● **TASK TO CARRY OUT**: Find the word "Queen" in the listing, and copy out each line where it turns up.

● **DATA TO PROCESS**:
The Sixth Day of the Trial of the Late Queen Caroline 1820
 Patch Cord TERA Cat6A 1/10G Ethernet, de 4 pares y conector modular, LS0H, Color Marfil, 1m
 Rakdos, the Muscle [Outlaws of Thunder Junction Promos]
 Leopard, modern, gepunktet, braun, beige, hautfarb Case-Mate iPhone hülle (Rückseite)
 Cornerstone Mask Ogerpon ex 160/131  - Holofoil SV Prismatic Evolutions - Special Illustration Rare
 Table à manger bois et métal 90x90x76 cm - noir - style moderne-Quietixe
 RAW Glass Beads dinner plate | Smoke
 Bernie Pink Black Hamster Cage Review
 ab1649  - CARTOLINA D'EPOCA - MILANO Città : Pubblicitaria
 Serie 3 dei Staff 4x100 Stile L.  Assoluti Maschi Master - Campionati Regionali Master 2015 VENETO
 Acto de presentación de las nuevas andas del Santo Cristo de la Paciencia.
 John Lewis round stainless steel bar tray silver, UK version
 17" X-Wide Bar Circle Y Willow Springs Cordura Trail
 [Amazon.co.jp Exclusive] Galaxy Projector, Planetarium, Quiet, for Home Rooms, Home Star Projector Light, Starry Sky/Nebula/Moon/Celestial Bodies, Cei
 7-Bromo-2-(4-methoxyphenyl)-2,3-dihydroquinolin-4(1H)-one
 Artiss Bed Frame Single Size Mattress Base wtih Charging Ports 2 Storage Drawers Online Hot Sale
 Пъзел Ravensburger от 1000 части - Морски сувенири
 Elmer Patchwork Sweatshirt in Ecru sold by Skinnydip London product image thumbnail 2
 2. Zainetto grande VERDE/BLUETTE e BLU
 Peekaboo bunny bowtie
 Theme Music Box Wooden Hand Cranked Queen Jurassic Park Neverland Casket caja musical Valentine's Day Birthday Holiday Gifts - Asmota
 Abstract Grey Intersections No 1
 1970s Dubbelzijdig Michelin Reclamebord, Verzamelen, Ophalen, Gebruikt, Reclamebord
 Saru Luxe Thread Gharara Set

● **YOUR RESPONSE**:
The Sixth Day of the Trial of the Late Queen Caroline 1820
 Theme Music Box Wooden Hand Cranked Queen Jurassic Park Neverland Casket caja musical Valentine's Day Birthday Holiday Gifts - Asmota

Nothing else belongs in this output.